§ **Work instruction**
Could you output exactly the lines running from the one containing "Hello! Just a" to the final line of the listing below, leaving out pictures?

§ **Given data**
►
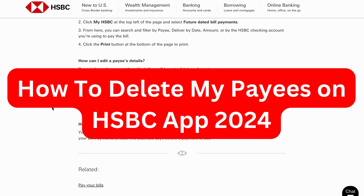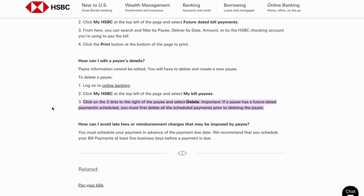In this video, I'm going to explain to you step by step exactly how to delete my payees on the HSBC app in 2024. So if this is something that you want to be able to do, well then keep watching.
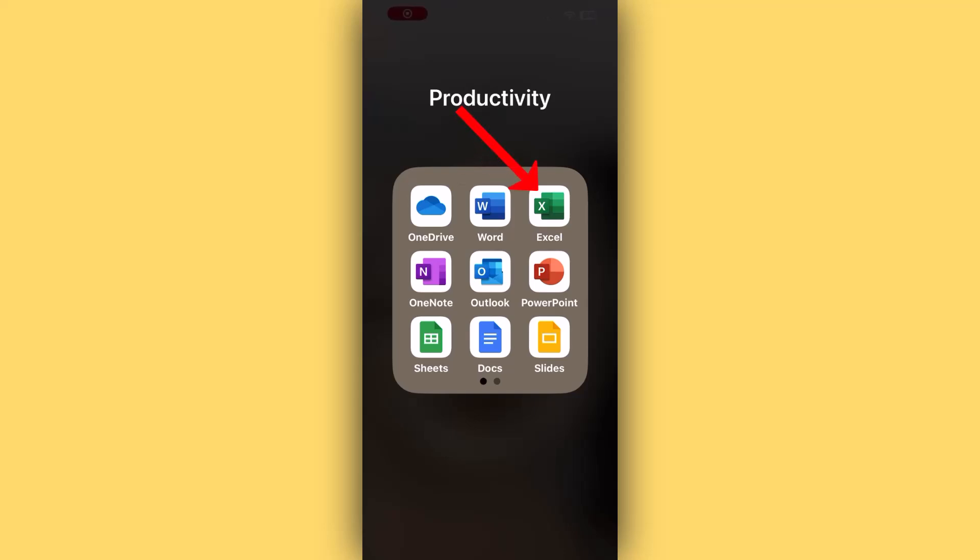Hello! Just a heads up, this tutorial uses the Excel mobile app. It's free, so if you don't have it, make sure to grab it from your app store.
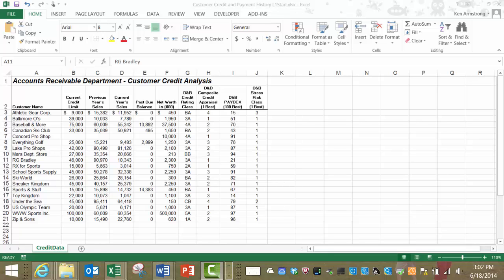Hi everyone, and welcome back to Spreadsheets for Business, Lesson 4, Level 1. Lesson 4 deals with applying logic to our decision-making. We'll start out with working with relational operators and then move on to some Boolean operators.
◄
§ **The answer**
Hello! Just a heads up, this tutorial uses the Excel mobile app. It's free, so if you don't have it, make sure to grab it from your app store.
Hi everyone, and welcome back to Spreadsheets for Business, Lesson 4, Level 1. Lesson 4 deals with applying logic to our decision-making. We'll start out with working with relational operators and then move on to some Boolean operators.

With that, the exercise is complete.